Measurements of serum anti-rotavirus IgA and/or SNA, are however, considered as the standard for assessing immune response Small molecule library following rotavirus vaccination , ,  and . Immune responses to primary rotavirus infection are known to be largely homotypic, and SNA responses that occur after natural rotavirus infections in children are usually
serotype specific. Hence, the measurement of SNA response to each of the rotavirus serotype contained in PRV may provide a better measure of the protection than serum anti-rotavirus IgA . In this study, the immune response to vaccination was assessed in approximately 360 infants whose blood was collected at baseline (pD1) and 14 days after the third vaccine dose (PD3). The observation that the anti-rotavirus IgA sero-response rate was similarly high in subjects in each of the African sites (Kenya, FK228 in vivo 73.8%; Ghana, 78.9%; Mali, 82.5%) indicates a consistent immune response to the vaccine among infants from the participating countries. Although the anti-rotavirus IgA sero-response rates were high and consistent across the region, they were approximately 10–15 percentage points lower than those observed in other regions of the world , , , ,  and . It is important to note that oral vaccines have traditionally been less immunogenic in developing world countries ,  and . The reason for this may be due to a combination
of the differences in host populations and associated health conditions, including malnutrition, maternal antibody, HIV infection and concomitant infections of the gut with Histone demethylase other enteropathogens . Similarly, the observed PD3 serum anti-rotavirus IgA and SNA GMT levels were lower in the African subjects when compared to those of subjects in developed countries.
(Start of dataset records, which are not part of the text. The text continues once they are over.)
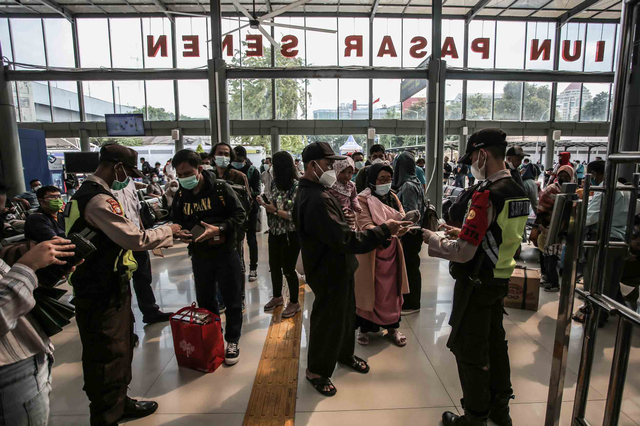 Calon penumpang antre untuk memasuki Stasiun Pasar Senen di Jakarta, Minggu (2/5/2021). Foto: Dhemas Reviyanto/ANTARA FOTO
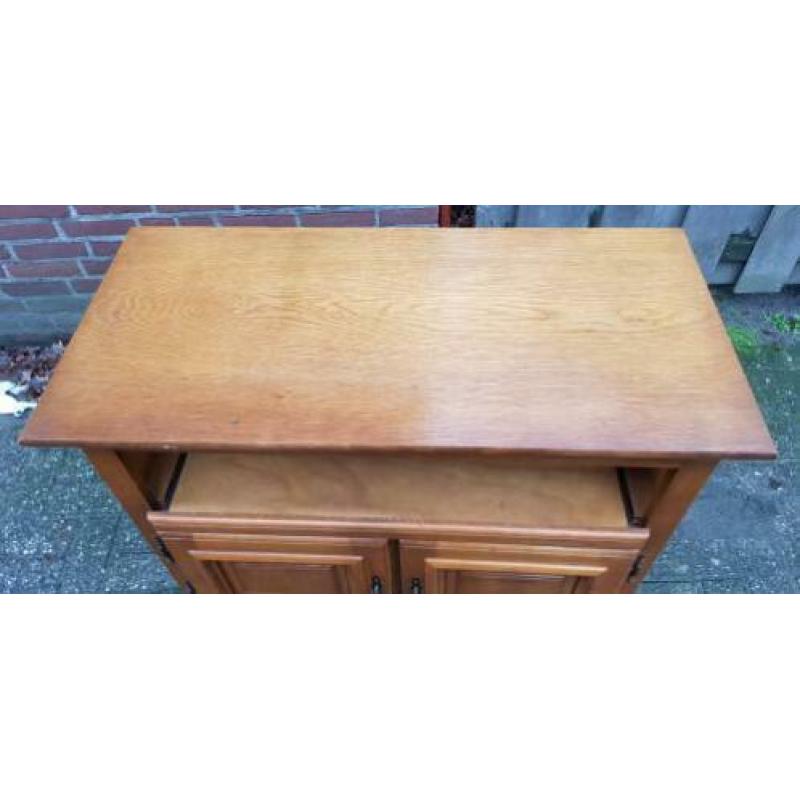 tv kast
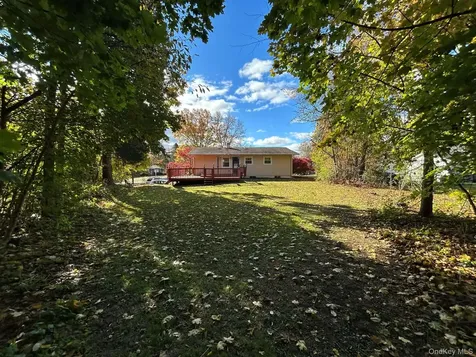 9 Sycamore Drive Hyde Park NY 12538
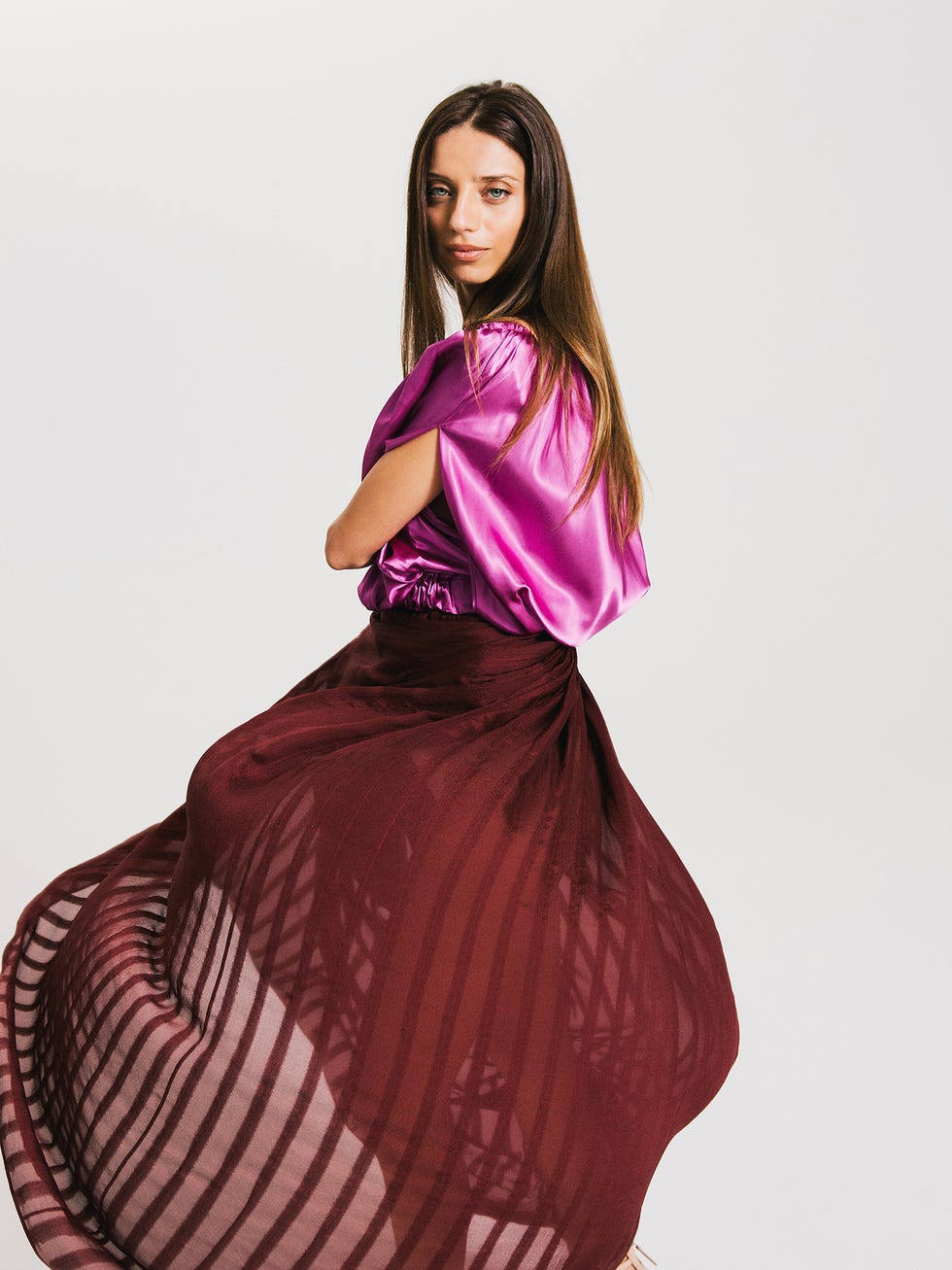 Clothing, Fashion model, Pink, Dress, Fashion, Beauty, Photo shoot, Purple, Magenta, Shoulder,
The GMT (28.2
dilution units) of the serum anti-rotavirus IgA at PD3 of African subjects was 5- to 10-times lower than those measured 14 or 42 days after Dose 3 in subjects in developed countries , , , , ,  and . A consistent and similar pattern was observed when the data was evaluated by each African country. The significance of the reduced PD3 anti-rotavirus IgA GMT levels in African infants when compared to similar studies in developed countries is still not well understood because of the lack of an appropriate immune correlate of protection. This study offers some insights into this phenomenon. One reason that has been alluded to for the observed low immunogenicity may be the younger age of infants vaccinated in this study as compared to studies in developed countries  and . However, post hoc analyses revealed that the rotavirus-specific immune responses for subjects who received vaccine dose 1 at less than 6 weeks of age was generally similar to those of subjects who were 6–12 weeks old although the numbers of subjects are low (data not shown).